**INFORMATION**.
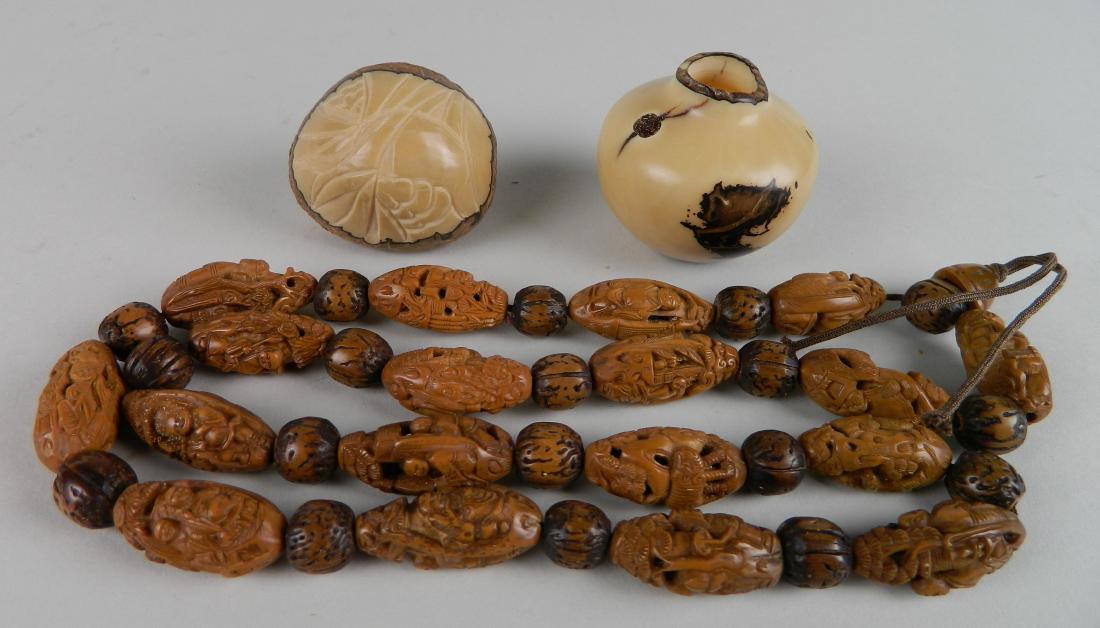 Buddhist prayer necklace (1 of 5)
---
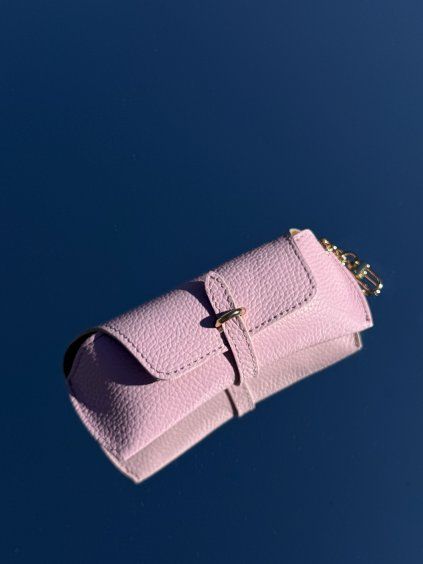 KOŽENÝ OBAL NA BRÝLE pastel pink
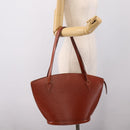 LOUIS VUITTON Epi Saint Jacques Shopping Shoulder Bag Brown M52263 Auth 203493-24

**WHAT TO PRODUCE**. Above are the records. Copy only the lines from the one with "KOŽENÝ OBAL NA BRÝLE pastel pink" through the one with "LOUIS VUITTON Epi", exactly, with no pictures.

**EXERCISE RESULT**.
 KOŽENÝ OBAL NA BRÝLE pastel pink
 LOUIS VUITTON Epi Saint Jacques Shopping Shoulder Bag Brown M52263 Auth 203493-24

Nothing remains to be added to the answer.